Woks
Sejak kecil saya mengenal istilah ngabuburit sebagai kata yang terlahir dari budaya Sunda, seperti halnya mudik dari bahasa Betawi dan Melayu. Sampai hari ini saya belum menemukan padanan kata ngabuburit seperti yang orang Sunda pahami. Selama ini kita pahami bahwa ngabuburit adalah istilah untuk mengartikan kegiatan menunggu berbuka puasa. Kegiatan itu tentu bisa bermacam-macam, seperti dulu orang ngusep (mancing), ngalogat (memaknai kitab), ngaji pasaran/pasan, ngasag (mencari sisa tanaman padi), ngangon/angon (menggembala) atau diam di masjid (i'tikaf) serta banyak lagi aktivitas menunggu berbuka.

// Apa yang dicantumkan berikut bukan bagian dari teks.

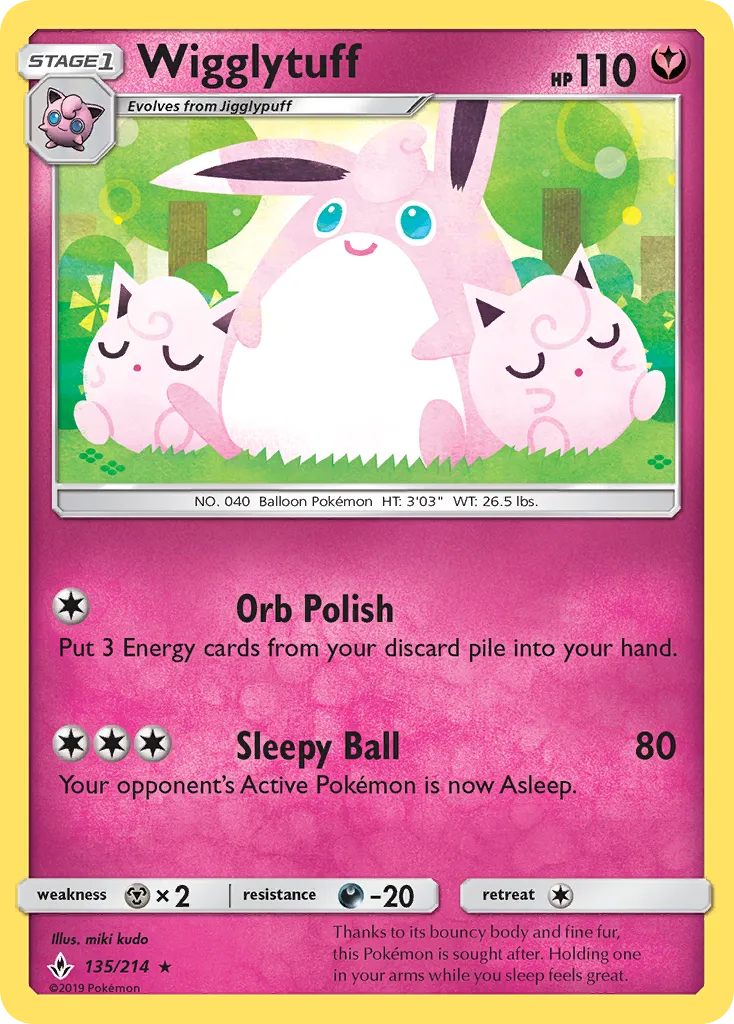 Wigglytuff — SM - Unbroken Bonds — Pokemon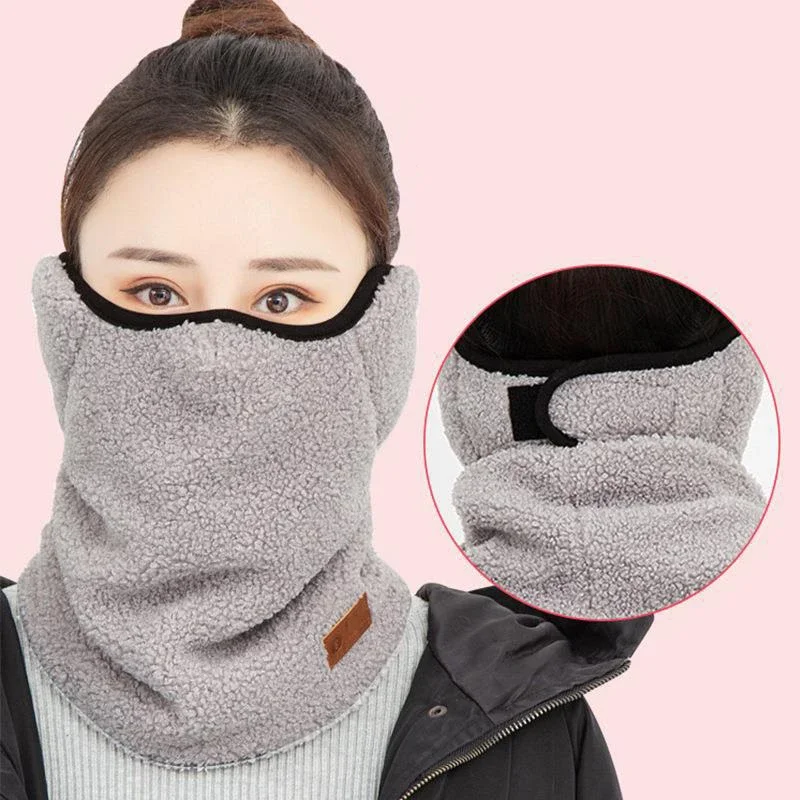 Sciarpa invernale maschera per il viso per le donne campeggio sport all'aria aperta cappelli più caldi antivento protezione per le orecchie sciarpa maschere berretto maschera per il viso da sci cappello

Semakin hari di daerah saya sendiri kegiatan ngabuburit mengalami transformasi yaitu jalan-jalan. Sehingga bagi sebagian orang khususnya kawula muda ngabuburit itu harus berarti jalan-jalan. Entah dalam bentuk jalan dengan pasangan, melihat pemandangan atau berburu takjil untuk berbuka, pokok semua identik dengan hal itu. Saya sendiri tidak paham mengapa ngabuburit kini menjadi kehilangan makna tidak seperti dulu. Sejak dulu menunggu puasa yang ramai itu pasti masjid, tajug, kobong (asrama pondok) atau sekolah, kini yang ramai malah tempat hiburan, lapangan, perempatan dan aloon-aloon. Entah apa yang dilakukan saya tidak tahu, yang jelas bagi saya secara ontologis hal itu telah kehilangan makna.
Harus diakui memang, cara ngabuburit antar individu pasti berbeda demikian juga saya. Saat saya menyukai membaca buku saat itulah saya gunakan membaca sebagai sarana mengisi waktu menunggu magrib tiba. Bagi saya membaca bisa juga dengan tadarus al Qur'an, membaca kitab kuning, kitab putih atau menghafal nadhoman bisa juga menyimak siraman qolbu di media yang telah tersedia. Menurut saya membaca adalah sarana yang efektif, apalagi ramadhan merupakan bulan penempaan diri. Di sinilah kita siasati agar ramadhan terasa bermakna. Jadikan bulan puasa menjadi nampak berbeda dari hari-hari sebelumnya. Salah satu hal agar perbedaan itu tampak yaitu dengan banyak membaca.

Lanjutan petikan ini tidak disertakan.